Le Complot – L’Histoire secrète des Protocoles des Sages de Sion (Eisner)

Le Complot - L'histoire secrète des Protocoles des Sages de Sion
Eisner © Grasset – 2005

« Comment un texte inventé de toutes pièces peut-il circuler depuis cent ans et provoquer des revirements politiques fracassants ? Will Eisner retrace avec génie toute l’histoire de ce « complot juif » inventé au début du XXème siècle pour attiser l’antisémitisme régnant en Europe et en Russie : les Protocoles des Sages de Sion justifient les pires intentions, et leur diffusion connaît un succès retentissant avant et pendant la première Guerre mondiale. Un journaliste britannique du Times découvre la supercherie en 1921 : les Protocoles sont une copie presque conforme d’un obscur traité anti-bonapartiste, les Dialogues aux enfers entre Machiavel et Montesquieu, écrit par un dissident français en exil. Les « auteurs » des Protocoles n’ont eu qu’à remplacer les bonapartistes par les Juifs et le mot « France » par « le monde »…

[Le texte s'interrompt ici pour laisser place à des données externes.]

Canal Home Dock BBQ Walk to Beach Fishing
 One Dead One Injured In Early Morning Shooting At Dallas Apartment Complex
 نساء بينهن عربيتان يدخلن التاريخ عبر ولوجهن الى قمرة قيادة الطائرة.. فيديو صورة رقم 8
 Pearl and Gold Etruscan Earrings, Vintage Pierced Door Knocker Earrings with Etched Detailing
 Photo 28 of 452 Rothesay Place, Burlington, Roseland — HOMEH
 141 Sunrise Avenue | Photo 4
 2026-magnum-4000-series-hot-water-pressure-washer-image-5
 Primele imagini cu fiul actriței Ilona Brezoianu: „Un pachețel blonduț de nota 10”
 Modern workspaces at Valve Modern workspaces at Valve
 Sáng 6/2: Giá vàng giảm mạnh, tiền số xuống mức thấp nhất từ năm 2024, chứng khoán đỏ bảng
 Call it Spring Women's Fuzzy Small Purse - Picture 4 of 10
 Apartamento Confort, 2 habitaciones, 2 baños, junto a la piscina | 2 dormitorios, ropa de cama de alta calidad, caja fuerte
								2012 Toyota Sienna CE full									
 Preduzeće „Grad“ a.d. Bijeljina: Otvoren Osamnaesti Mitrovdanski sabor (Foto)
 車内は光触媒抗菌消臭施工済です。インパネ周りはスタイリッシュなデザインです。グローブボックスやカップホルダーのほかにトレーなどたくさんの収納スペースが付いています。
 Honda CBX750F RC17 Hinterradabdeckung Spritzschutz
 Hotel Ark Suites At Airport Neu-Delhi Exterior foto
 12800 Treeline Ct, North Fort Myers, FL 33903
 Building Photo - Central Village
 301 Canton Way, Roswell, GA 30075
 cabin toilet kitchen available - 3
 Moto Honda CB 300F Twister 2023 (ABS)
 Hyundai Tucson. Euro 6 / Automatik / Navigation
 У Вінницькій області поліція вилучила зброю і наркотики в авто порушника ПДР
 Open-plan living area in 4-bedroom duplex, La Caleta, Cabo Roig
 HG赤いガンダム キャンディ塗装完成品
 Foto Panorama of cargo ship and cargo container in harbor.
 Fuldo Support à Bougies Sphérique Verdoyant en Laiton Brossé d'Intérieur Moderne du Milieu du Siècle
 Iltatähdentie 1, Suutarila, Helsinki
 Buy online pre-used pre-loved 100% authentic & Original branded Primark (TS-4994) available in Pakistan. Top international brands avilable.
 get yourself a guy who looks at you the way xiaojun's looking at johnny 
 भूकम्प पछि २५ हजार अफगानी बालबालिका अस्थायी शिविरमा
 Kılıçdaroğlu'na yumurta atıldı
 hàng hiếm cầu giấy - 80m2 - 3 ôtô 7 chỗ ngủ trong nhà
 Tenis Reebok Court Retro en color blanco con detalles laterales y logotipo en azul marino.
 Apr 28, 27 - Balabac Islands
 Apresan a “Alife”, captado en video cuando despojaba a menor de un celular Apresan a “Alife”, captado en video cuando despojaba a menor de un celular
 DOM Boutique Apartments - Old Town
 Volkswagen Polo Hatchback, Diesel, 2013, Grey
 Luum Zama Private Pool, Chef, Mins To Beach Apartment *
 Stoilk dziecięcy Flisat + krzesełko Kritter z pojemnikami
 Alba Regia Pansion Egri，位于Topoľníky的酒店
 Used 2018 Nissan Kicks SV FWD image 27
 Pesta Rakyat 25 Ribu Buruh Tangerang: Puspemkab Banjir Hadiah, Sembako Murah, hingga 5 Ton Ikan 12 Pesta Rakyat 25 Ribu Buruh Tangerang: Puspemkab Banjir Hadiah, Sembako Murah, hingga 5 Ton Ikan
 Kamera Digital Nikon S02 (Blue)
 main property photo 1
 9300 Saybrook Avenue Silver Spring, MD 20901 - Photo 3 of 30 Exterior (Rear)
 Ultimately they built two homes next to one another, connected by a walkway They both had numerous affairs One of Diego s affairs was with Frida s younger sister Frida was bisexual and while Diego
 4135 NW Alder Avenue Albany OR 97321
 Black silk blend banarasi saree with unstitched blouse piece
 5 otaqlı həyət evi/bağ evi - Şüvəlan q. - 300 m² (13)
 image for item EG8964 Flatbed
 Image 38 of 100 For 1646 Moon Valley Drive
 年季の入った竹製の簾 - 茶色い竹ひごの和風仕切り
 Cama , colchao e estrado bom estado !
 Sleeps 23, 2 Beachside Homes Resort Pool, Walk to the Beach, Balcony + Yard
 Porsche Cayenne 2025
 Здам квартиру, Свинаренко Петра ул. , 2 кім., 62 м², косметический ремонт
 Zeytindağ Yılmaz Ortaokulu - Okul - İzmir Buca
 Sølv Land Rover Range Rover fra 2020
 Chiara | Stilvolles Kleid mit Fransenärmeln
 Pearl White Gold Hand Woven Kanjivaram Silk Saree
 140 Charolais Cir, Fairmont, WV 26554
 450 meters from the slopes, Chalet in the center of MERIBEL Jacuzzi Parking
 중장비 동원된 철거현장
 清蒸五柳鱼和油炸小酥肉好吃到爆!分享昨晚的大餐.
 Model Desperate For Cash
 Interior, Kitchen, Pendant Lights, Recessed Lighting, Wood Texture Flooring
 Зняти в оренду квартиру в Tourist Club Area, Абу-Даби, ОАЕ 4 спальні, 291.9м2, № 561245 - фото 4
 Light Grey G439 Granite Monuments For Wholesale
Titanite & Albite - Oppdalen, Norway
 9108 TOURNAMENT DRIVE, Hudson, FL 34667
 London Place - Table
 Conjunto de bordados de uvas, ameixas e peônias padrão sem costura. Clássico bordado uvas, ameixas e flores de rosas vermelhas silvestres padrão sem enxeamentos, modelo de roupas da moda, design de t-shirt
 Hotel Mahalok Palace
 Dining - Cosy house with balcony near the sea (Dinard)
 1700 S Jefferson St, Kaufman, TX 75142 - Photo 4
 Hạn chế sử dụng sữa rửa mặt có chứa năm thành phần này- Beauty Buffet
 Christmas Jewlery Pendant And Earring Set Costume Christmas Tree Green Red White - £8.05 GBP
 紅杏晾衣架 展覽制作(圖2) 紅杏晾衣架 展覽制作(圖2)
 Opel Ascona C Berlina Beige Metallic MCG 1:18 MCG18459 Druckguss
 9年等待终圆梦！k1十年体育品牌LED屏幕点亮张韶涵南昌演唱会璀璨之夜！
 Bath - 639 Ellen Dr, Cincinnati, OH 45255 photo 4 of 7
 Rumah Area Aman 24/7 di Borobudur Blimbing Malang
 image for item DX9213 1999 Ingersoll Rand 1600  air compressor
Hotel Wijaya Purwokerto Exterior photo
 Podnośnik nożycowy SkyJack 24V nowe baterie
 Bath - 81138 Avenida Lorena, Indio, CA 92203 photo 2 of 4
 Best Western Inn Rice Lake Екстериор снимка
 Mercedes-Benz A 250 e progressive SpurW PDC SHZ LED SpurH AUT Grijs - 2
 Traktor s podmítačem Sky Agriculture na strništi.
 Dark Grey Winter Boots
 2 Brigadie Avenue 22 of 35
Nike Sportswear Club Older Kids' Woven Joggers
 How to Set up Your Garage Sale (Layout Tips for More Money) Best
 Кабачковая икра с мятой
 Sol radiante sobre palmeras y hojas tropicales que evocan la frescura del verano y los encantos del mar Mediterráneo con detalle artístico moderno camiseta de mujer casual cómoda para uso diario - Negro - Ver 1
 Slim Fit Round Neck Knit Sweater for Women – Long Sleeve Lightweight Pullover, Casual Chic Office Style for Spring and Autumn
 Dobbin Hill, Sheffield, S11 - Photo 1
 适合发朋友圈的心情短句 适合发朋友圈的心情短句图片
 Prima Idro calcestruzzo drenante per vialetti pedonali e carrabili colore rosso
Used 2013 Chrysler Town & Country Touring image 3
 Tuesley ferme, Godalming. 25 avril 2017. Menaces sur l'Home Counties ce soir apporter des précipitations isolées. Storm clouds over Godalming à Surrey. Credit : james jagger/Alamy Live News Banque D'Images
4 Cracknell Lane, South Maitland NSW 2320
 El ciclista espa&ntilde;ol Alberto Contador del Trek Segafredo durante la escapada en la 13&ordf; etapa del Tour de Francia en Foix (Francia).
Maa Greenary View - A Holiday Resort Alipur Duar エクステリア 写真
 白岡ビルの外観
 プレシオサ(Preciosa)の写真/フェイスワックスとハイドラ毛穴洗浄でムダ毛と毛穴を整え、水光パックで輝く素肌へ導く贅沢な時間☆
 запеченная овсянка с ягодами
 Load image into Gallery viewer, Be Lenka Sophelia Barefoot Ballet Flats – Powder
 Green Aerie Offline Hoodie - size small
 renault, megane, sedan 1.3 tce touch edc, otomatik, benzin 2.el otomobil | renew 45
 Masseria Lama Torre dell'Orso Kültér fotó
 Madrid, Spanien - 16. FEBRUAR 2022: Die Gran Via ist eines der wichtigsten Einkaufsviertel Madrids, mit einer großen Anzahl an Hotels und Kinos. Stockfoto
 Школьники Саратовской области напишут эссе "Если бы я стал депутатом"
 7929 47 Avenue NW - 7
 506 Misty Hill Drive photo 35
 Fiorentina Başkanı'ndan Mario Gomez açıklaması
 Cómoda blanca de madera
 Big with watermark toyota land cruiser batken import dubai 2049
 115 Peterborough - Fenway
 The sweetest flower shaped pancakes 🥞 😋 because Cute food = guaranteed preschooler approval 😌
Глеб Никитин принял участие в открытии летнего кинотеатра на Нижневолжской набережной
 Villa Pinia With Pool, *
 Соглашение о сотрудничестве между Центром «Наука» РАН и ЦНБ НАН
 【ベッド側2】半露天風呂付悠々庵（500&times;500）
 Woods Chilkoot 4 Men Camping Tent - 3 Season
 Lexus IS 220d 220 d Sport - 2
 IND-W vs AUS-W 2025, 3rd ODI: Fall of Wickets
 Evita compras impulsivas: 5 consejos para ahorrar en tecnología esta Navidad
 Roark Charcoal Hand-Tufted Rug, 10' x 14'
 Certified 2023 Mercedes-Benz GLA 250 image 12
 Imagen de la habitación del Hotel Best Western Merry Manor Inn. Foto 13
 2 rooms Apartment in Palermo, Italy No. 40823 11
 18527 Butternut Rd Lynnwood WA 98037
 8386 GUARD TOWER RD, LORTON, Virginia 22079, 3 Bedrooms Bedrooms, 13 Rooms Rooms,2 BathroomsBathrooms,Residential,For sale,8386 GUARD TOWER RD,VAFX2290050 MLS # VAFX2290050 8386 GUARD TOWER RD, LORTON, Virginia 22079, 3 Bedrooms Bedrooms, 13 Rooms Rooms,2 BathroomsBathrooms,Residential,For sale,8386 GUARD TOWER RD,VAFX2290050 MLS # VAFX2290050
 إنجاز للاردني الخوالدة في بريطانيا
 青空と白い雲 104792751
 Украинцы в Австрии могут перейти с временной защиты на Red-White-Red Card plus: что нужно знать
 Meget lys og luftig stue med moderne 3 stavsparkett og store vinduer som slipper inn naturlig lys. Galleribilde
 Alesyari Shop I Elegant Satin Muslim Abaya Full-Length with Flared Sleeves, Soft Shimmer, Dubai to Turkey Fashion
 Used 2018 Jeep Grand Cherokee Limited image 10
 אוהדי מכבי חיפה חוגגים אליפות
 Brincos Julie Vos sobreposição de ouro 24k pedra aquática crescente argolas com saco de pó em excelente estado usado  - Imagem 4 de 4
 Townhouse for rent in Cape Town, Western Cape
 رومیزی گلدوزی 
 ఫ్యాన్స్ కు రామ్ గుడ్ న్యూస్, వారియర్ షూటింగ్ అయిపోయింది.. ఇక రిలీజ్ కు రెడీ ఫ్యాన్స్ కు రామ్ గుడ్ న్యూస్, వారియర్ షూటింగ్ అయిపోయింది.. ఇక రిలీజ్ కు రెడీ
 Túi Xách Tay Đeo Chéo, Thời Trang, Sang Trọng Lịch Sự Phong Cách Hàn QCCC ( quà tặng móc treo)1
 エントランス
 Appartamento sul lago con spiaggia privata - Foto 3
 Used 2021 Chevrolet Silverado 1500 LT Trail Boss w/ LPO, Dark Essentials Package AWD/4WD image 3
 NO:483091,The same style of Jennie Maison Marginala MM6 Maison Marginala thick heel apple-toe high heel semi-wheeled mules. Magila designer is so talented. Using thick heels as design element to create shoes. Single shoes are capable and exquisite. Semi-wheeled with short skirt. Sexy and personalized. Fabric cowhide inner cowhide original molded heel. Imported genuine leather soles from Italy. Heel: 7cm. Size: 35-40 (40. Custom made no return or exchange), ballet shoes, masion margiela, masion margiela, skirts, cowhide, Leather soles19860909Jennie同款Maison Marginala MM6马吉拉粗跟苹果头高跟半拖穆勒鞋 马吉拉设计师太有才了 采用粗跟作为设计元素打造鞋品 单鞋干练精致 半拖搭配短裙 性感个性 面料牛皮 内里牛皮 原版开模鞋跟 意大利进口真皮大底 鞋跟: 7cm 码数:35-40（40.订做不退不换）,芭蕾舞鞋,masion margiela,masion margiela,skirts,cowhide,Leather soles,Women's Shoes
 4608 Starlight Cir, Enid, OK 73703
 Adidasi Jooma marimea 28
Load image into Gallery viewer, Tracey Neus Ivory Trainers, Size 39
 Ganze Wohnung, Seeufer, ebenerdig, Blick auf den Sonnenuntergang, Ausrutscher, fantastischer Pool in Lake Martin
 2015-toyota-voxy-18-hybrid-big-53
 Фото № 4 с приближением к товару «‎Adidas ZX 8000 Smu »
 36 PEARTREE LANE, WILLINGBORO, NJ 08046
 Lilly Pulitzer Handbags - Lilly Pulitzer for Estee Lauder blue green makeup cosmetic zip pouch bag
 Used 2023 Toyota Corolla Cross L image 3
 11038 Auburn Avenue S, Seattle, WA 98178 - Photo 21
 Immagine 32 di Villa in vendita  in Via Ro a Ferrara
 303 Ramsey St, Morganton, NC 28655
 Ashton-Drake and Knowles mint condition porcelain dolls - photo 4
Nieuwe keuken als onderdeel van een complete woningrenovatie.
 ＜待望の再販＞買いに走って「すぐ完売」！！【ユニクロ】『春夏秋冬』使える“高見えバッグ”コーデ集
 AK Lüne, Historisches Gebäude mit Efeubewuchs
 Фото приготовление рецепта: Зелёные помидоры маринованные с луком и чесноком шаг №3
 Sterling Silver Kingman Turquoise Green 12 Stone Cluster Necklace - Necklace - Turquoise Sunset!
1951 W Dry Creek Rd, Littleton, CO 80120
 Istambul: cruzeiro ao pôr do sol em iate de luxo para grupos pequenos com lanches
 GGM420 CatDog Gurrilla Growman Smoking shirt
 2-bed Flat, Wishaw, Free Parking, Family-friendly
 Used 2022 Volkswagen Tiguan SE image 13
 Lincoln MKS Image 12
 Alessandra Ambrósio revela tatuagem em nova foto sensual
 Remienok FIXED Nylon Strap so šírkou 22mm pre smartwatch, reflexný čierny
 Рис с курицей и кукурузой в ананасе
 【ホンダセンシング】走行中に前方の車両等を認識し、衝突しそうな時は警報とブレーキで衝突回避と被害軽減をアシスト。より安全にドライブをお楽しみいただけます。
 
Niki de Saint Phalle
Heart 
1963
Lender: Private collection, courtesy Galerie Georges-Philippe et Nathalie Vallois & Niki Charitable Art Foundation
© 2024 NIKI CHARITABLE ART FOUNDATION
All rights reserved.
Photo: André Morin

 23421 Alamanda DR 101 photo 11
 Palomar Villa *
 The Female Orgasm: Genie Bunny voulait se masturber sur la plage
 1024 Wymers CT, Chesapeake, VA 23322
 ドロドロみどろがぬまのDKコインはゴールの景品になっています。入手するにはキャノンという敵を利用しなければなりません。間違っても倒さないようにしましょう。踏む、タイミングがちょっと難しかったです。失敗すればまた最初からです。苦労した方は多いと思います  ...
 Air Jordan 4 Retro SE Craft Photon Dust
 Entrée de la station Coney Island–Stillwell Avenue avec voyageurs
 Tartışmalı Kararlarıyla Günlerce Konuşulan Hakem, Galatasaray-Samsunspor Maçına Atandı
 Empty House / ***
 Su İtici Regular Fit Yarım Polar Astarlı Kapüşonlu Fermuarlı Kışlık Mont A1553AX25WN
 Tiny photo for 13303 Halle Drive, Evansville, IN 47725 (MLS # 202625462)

On connaît donc la vérité mais rien n’y fait : les Protocoles sont utilisés par Hitler, le Ku Klux Klan et trouvent encore aujourd’hui des millions de lecteurs dans les pays arabes. Surpris par le destin insolite de ce plagiat, Eisner nous raconte son histoire avec un coup de crayon très expressif, drôle et noir, ironique et inquiétant. Par des cadrages audacieux et d’impressionnantes pages titres, Eisner provoque la curiosité du lecteur ; on lit avec plaisir une bande dessinée passionnante, sans oublier ce que dénonce Eisner : un mensonge qui sert la haine et l’antisémitisme » (synopsis éditeur).

Cent trente-cinq pages, c’est ce qu’a consacré Will Eisner pour rendre compte de ses recherches concernant l’une des plus grandes escroqueries faites au peuple juif. Cent trente-cinq pages c’est à la fois beaucoup pour aborder tous les événements de cette malversation, c’est ambitieux de solliciter un lecteur et lui demander de se concentrer sur cet afflux de dates, de noms et d’éléments associés au complot des Protocoles de Sion. Mais centre-trente-cinq pages, c’est aussi bien maigre quand on voit les multiples rebondissements de cette histoire !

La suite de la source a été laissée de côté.